Shelling Continues In Karabakh

Nagorno-Karabakh - A view of the village of Khnapat, March 11, 2022.

Azerbaijani troops are continuing to fire mortars towards villages in Nagorno-Karabakh and impede natural gas supplies to the territory cut off earlier this week, officials in Stepanakert said on Friday.

The Karabakh police said the Azerbaijani side targeted three villages bordering the Aghdam district east of Karabakh, using mortars and heavy machine guns. Nobody was hurt as a result.

One of those villages, Khnapat, was reportedly shelled throughout the day. A local farmer, Barsegh Avanesian, had to run for safety when a mortar shell exploded near his pomegranate grove in the morning.

“It landed about 300 meters from me,” Avanesian told RFE/RL’s Armenian Service. “Another one exploded five minutes later.”

The shelling interrupted classes in Khnapat’s school and kindergarten.

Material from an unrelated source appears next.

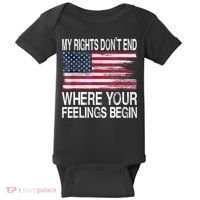 My Rights Don't End Where Your Feelings Begin USA Flag Gun Baby Bodysuit thumb 0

Children attending them were evacuated by their parents, according to the school principal, Lyudmila Mosiyan.

“We started classed as usual at 9 o’clock in the morning,” said Mosiyan. “We heard the first explosions at around 10 a.m. We took the children down to the bomb shelter right after hearing the powerful sound of a second explosion. Then the parents came by car and escorted the students to their homes in an organized way.”

Also shelled, according to the local authorities, was the neighboring village of Khramort and adjacent farmland, the focal point of Azerbaijani gunfire reported over the past week. Russian peacekeeping troops set up two mobile observations posts there on Thursday in a bid to prevent further shelling.

The Azerbaijani Defense Ministry has denied targeting civilians. It has accused Armenian forces of firing at its troops deployed in the Aghdam district.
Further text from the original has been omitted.